==========
Why Sarkas
==========

Problem
-------
The typical workflow of MD simulations in plasma physics looks something like this

#. Write your own MD code, or use a pre-existing code, in a low-level language such as C/C++ or (even better) Fortran to exploit their computational speed.

#. Run multiple simulations with different initial conditions.

#. Analyze the output of each simulation. This is usually done in a interpreted, high-level language like Python.

#. Make plots and publish

There are two main issues with the above workflow as it requires `i)` a high-level of computing knowledge to write/understand and run
an MD code, `ii)` a graduate level of plasma physics for calculating physical observables and transport coefficients.

Solution
--------
Sarkas: a fast pure-Python molecular dynamics suite for non-ideal plasmas.

Sarkas aims at lowering the entry barrier for computational plasma physics by providing a comprehensive MD suite complete
with pre- and post-processing tools commonly found in plasma physics.
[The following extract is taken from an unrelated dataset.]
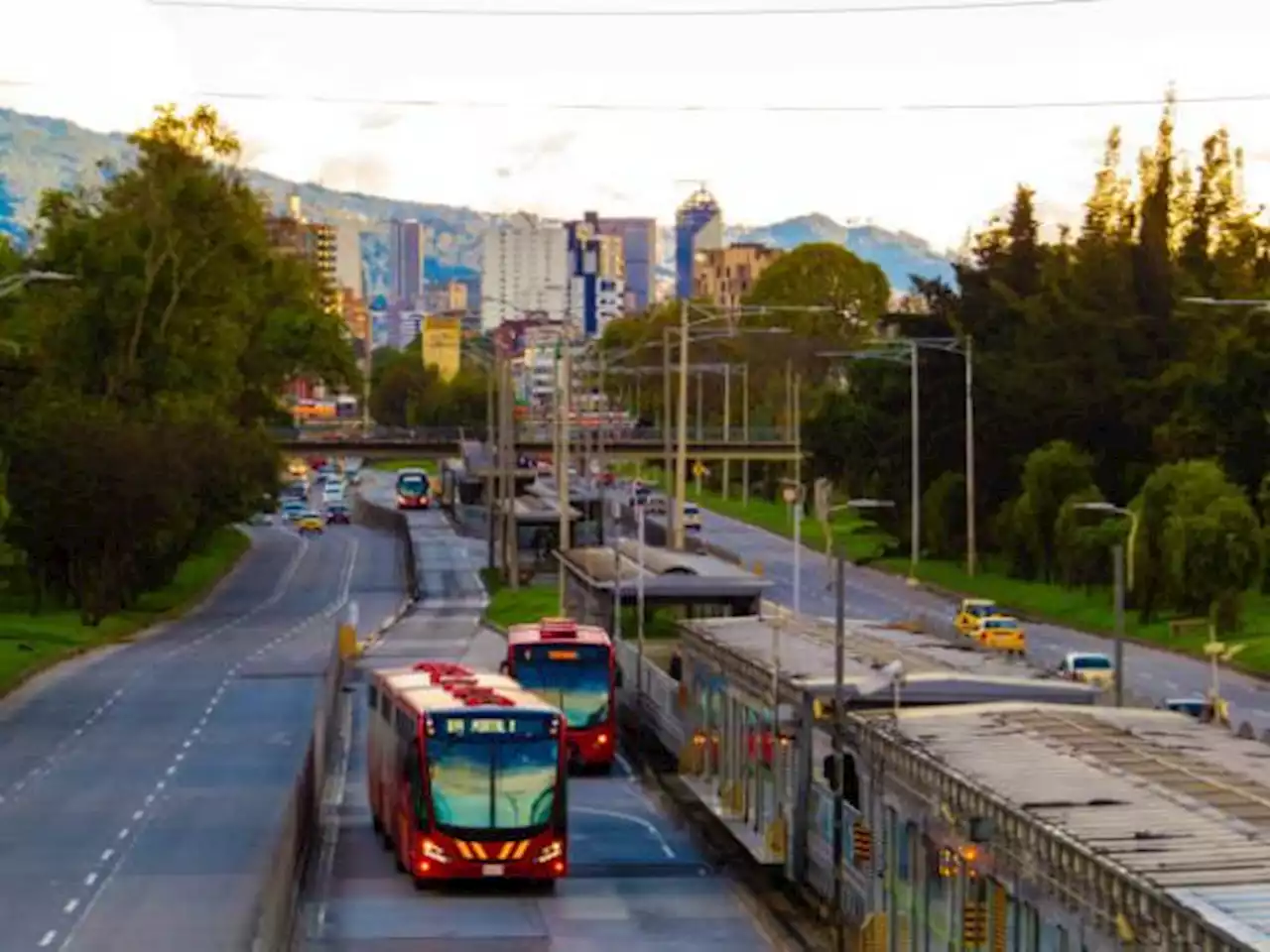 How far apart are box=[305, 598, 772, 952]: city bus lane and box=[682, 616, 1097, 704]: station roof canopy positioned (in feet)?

Sarkas is entirely written in Python without calls to C hence avoiding a two-language problem. It relies on the most
common Python scientific packages, *e.g.* `NumPy <https://numpy.org/>`_, `Numba <http://numba.pydata.org/>`_,
`SciPy <https://www.scipy.org/>`_, and `Pandas <https://pandas.pydata.org/>`_, which provide a solid foundation built,
optimized, and well documented by one of the largest community of developers.
Furthermore, Sarkas is developed using an object-oriented approach allowing users to add new features
in a straight-forward way.

Sarkas targets a broad user base: from experimentalists to computational physicists, from students approaching plasma
physics for the first time to seasoned researchers. Therefore Sarkas' design revolves around two primary requirements:
ease-of-use and extensibility.


Old School
==========
First and foremost we run the help command in a terminal window

.. code-block:: bash

    $ sarkas_simulate -h

This will produce the following output

.. code-block:: bash

    Usage: sarkas_simulate [options]

    Options:
      -h, --help            show this help message and exit
      -t, --pre_run_testing
                            Test input parameters
      -v, --verbose         Verbose output
      -p, --plot_show       Show plots
      -c CHECK_STATUS, --check_status=CHECK_STATUS
                            Check current state of run
      -d SIM_DIR, --sim_dir=SIM_DIR
                            Simulation Directory
      -j JOB_DIR, --job_dir=JOB_DIR
                            Job Directory
      -s RAND_SEED, --seed=RAND_SEED
                            Random Number Seed
      -i INPUT_FILE, --input=INPUT_FILE
                            YAML Input file
      -r RESTART, --restart=RESTART
                            Restart simulation

This output prints out the different options with which you can run Sarkas.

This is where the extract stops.